[Opening Supplied data section]

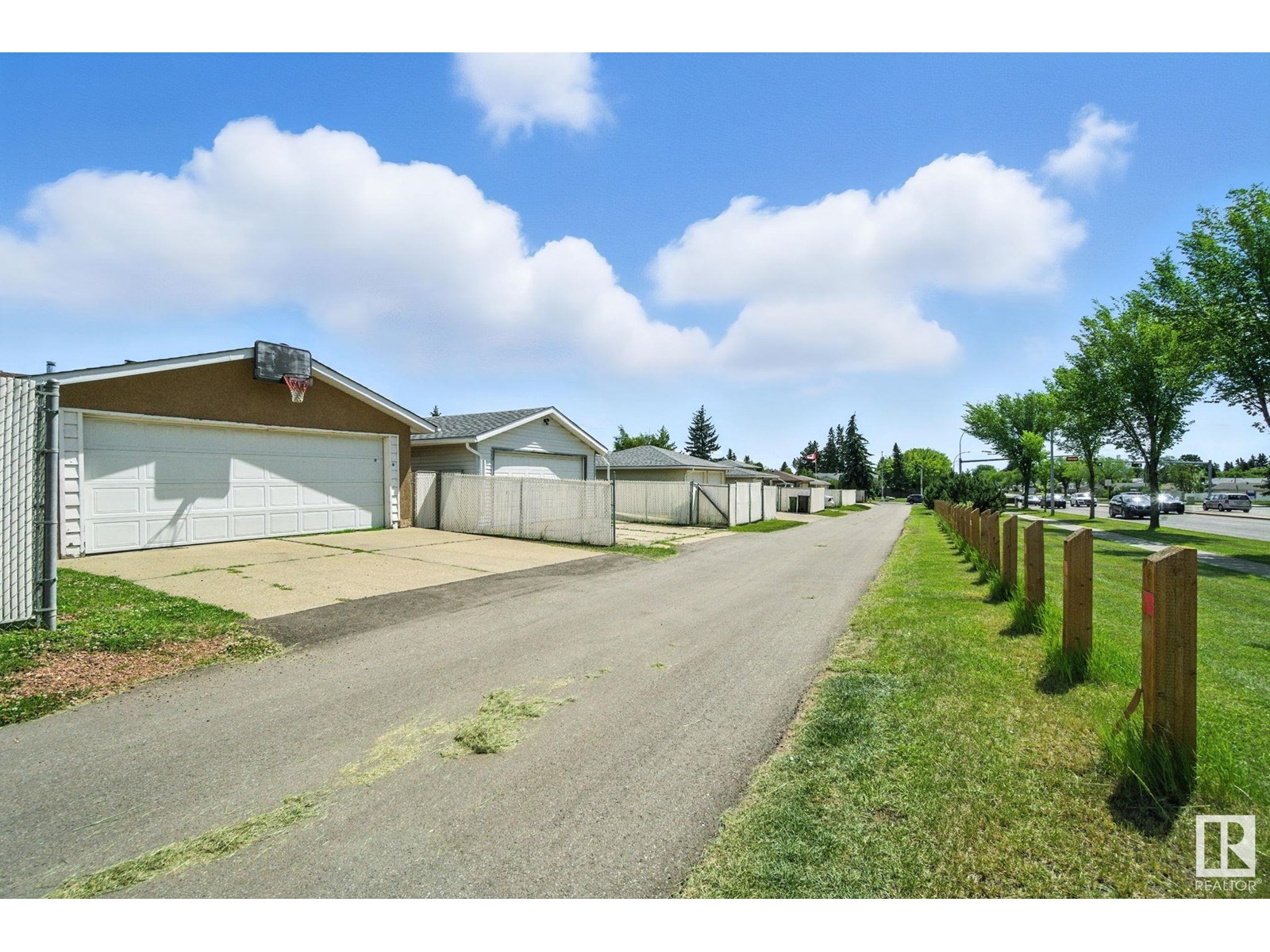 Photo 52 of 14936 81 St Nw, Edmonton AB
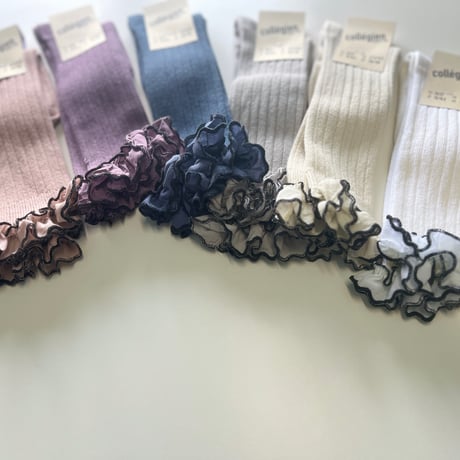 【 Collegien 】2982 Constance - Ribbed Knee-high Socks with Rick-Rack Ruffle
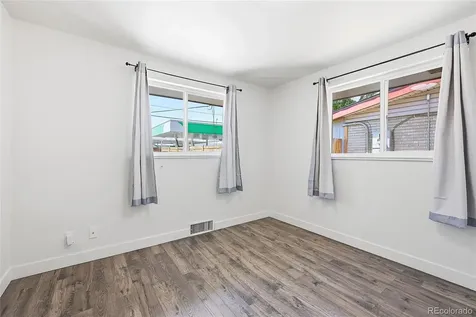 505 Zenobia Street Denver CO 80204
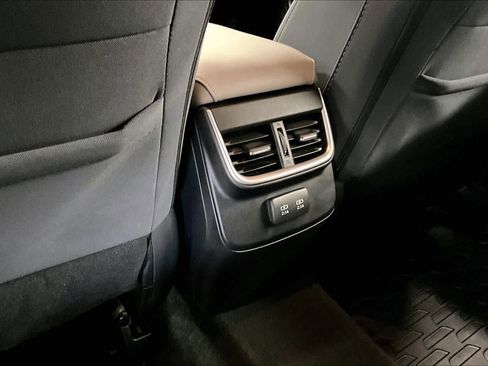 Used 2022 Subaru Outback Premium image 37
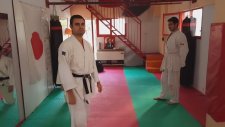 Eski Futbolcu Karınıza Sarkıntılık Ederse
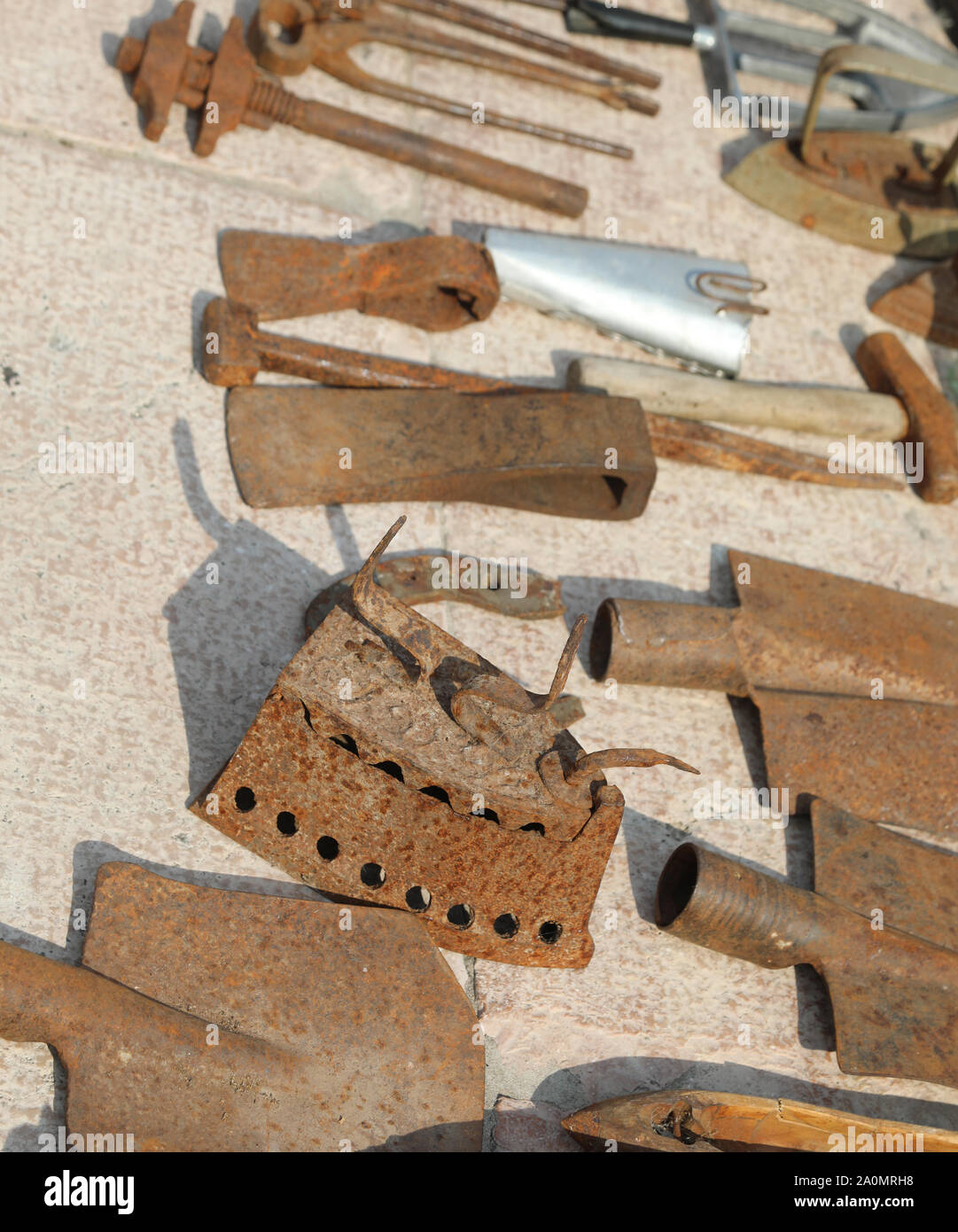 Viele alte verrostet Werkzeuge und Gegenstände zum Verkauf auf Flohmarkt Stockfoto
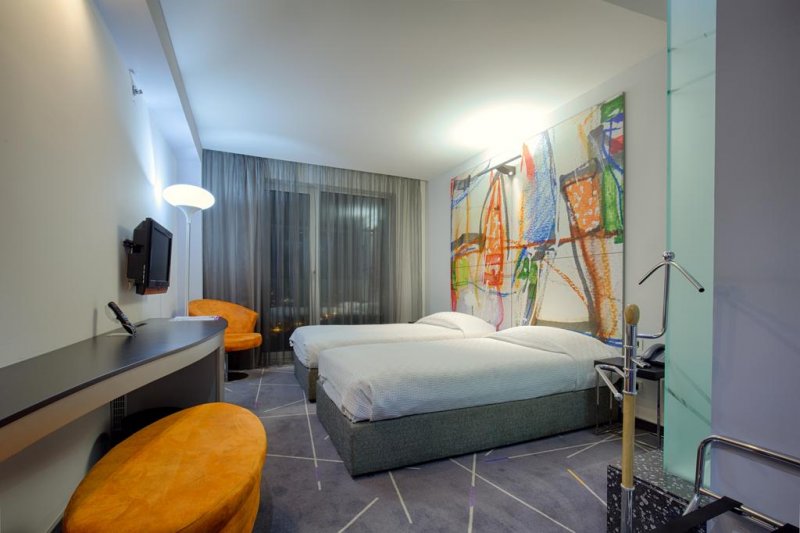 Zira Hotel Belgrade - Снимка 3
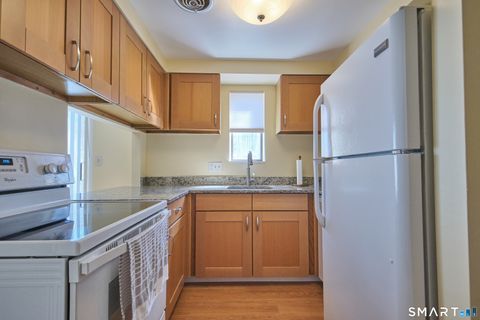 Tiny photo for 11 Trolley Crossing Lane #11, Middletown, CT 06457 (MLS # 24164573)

[Closing Supplied data section]

## Action item
Please write out all of the material above without changing a word, and omit any pictures.

## Response to the task
 Photo 52 of 14936 81 St Nw, Edmonton AB
 【 Collegien 】2982 Constance - Ribbed Knee-high Socks with Rick-Rack Ruffle
 505 Zenobia Street Denver CO 80204
 Used 2022 Subaru Outback Premium image 37
 Eski Futbolcu Karınıza Sarkıntılık Ederse
 Viele alte verrostet Werkzeuge und Gegenstände zum Verkauf auf Flohmarkt Stockfoto
 Zira Hotel Belgrade - Снимка 3
 Tiny photo for 11 Trolley Crossing Lane #11, Middletown, CT 06457 (MLS # 24164573)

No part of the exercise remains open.